EXERCISE DIRECTIONS:
Each and every line below goes into your answer unchanged, but leave out the images.

══ THE DATA

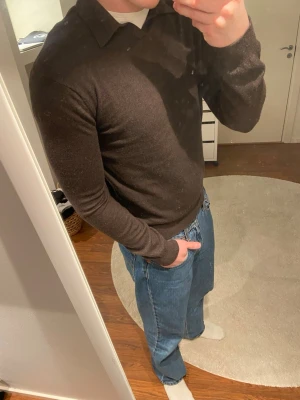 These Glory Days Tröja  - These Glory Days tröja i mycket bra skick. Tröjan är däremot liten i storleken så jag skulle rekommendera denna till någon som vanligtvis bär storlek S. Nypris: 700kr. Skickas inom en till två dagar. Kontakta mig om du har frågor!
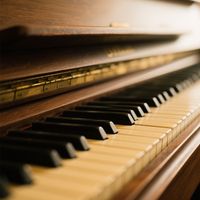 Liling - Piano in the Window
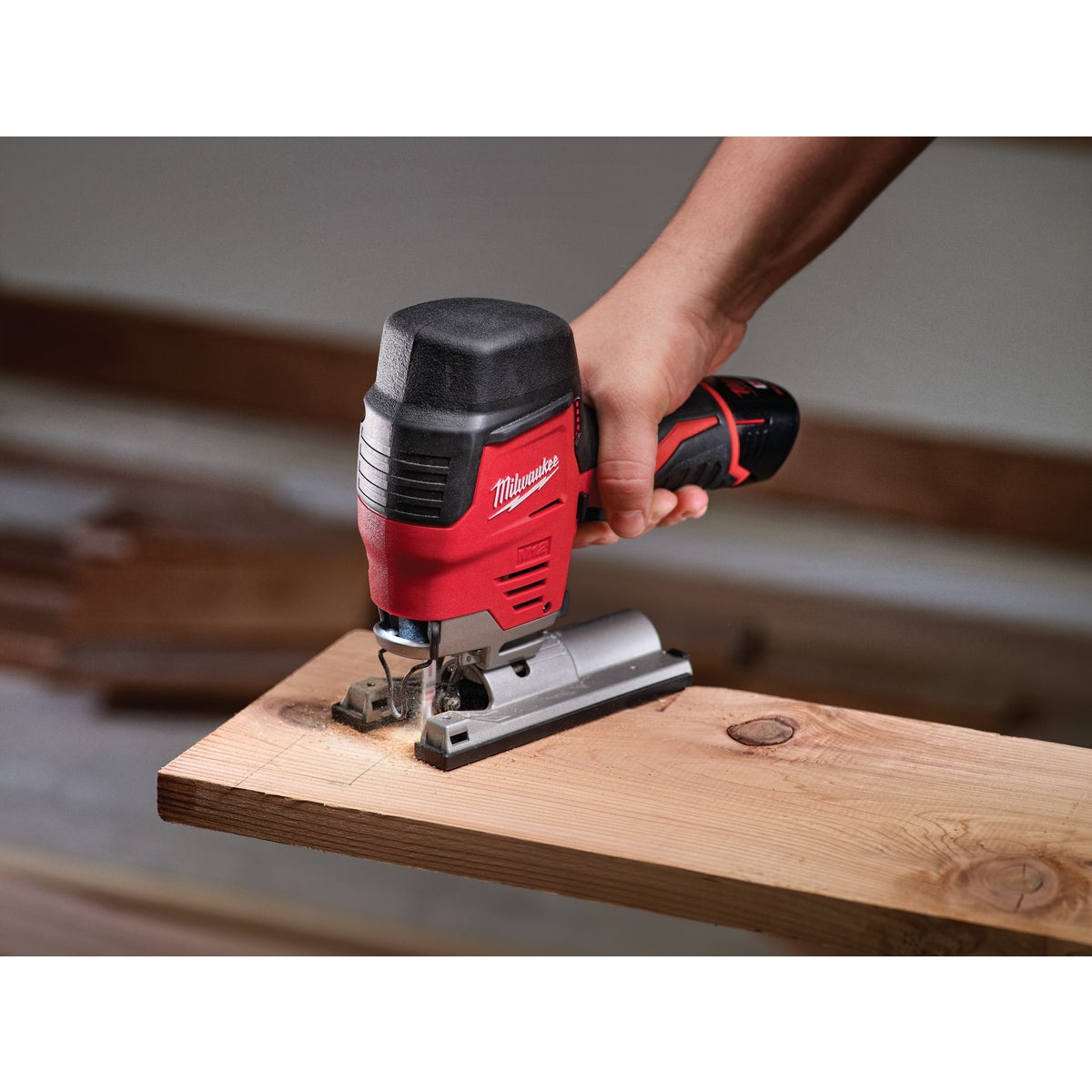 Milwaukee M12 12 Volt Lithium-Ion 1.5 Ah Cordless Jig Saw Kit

════

ANSWER AREA:
 These Glory Days Tröja  - These Glory Days tröja i mycket bra skick. Tröjan är däremot liten i storleken så jag skulle rekommendera denna till någon som vanligtvis bär storlek S. Nypris: 700kr. Skickas inom en till två dagar. Kontakta mig om du har frågor!
 Liling - Piano in the Window
 Milwaukee M12 12 Volt Lithium-Ion 1.5 Ah Cordless Jig Saw Kit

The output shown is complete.